Wismar. „Wir wollen nach der Weihnachtspause sofort wieder präsent sein und unsere hervorragende Ausgangsposition nutzen, um weiter ober dran zu bleiben”, hatte Ronald Frank, der Trainer der Wismarer Drittligahandballerinnen, vor dem Start in die Rückrunde am Sonnabend gegen den MTV Altlandsberg aber auch davor gewarnt, den Gegner rein vom Tabellenstand zu bewerten. Und er sollte recht behalten. Nur um Haaresbreite konnten seine Schützlinge die erste Saisonniederlage gerade noch abwenden und trennten sich vom MTV, der schon im November mit dem Sieg in Kropp-Tetenhusen für einen Überraschungscoup gesorgt hatte, am Ende 26:26. „Es war wohl das nervenaufreibendsten Spiel der bisherigen Saison überhaupt“, so TSG-Manager Klaus-Dieter Soldat. Immer wieder brachten die knapp 800 Zuschauer, darunter auch ein Dutzend lautstarker Fans aus Altlandsberg, die Halle zum Beben. Und eigentlich hatte alles nach Wunsch für die Gastgeberinnen begonnen. Svea Pinkohs, am Ende mit zehn Treffern beste TSG-Werferin sorgte mit zwei Treffern für eine 2:0-Führung der TSG. Doch ab der vierten Minuten (2:3) mussten die TSG-Damen dann bis zur Schlussminute einem Rückstand hinterher laufen. Bis zur Pause gelangen den Gastgeberinnen lediglich elf Tore, neuer Saison-Minusrekord im wohl schwächsten ersten TSG-Durchgang in dieser Saison.

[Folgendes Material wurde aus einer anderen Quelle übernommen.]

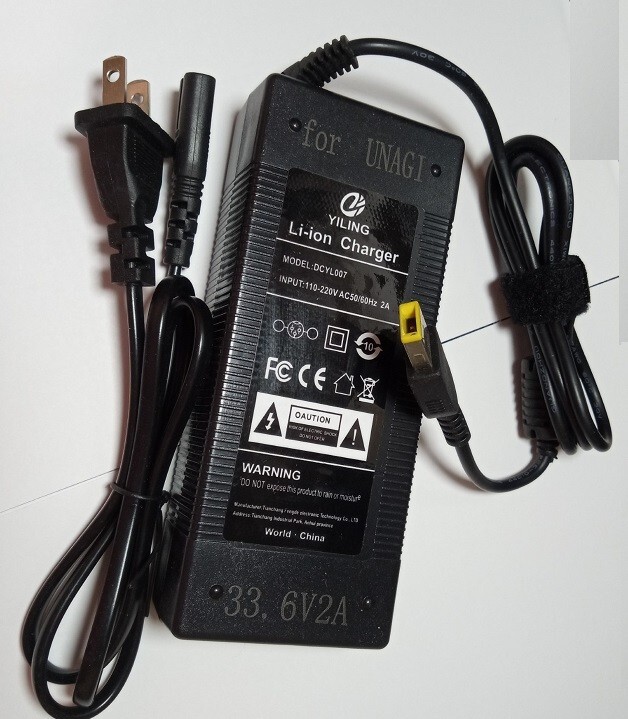 🔥33.6v AC DC Adapter battery Charger For Unagi Model One E350 E500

Kurz nach Wiederbeginn zogen die Gäste dann sogar auf vier Tore (17:13) davon. Doch die Frank-Schützlinge kämpften verbissen gegen die drohende Heimpleite. Mehrfach standen sie kurz vor dem Ausgleich, doch der wollte einfach nicht fallen. Erinnerungen an das Hinspiel wurden wach, als der MTV in der 56. Minute, wie vor zwei Tagen 22:21 führte und die TSG am Ende noch 24:23 gewann. Zwei Minuten vor Schluss nahm Frank, der wenig später von den Schiedsrichters noch eine Verwarnung kassierte, beim Stand von 24:26 eine Auszeit, ging nun volles Risiko, stellte auf ein offenes 3:3-System um und sollte Erfolg haben. Svea Pinkohs brachte ihre Mannschaft auf 25:26 heran, bevor dann Mareen Tegler knappe 60 Sekunden vor Ultimo doch noch für ein zumindest kleines Happyend aus Sicht der Gastgeberinnen sorgte. Beinahe hätte es sogar noch zum Sieg gereicht, denn zwölf Sekunden vor Schluss scheiterte Pinkohs noch einmal an der glänzenden MTV-Torfrau. „Wir sind glücklich, dass wir die drohende Niederlage noch abwenden konnten“, so Manager Soldat.

Kommenden Sonnabend reist die TSG (23:3 Punkte), begleitet von mindestens einem ausgebuchten Fanbus, zum Spitzenspiel zum Tabellenvierten HSG Kropp-Tetenhusen (22:6). Anwurf ist dann um 19.30 Uhr (Hinspiel:26:26).

Die Statistik
TSG Wismar: Steiner, Borkowski, Durdic 3, Brinkies 3, Kriegsmann, Tegler 5, Passow 2, Blum, Dürl, Pinkohs 10/2, Vujica, Topp 1, Erdmann 2
Siebenmeter: TSG: 2/2, MTV: 1/1
Strafminuten: TSG: 8, MTV: 8
Spielfilm: 2:0 (2.), 2:4 (9.), 4:5 (14.), 5:6 (18.), 7:9 (24.), 11:13 (30.), 14:18 (37.), 18:21 (45.), 20:23 (50.), 24:26 (56.), 26:26 (58.)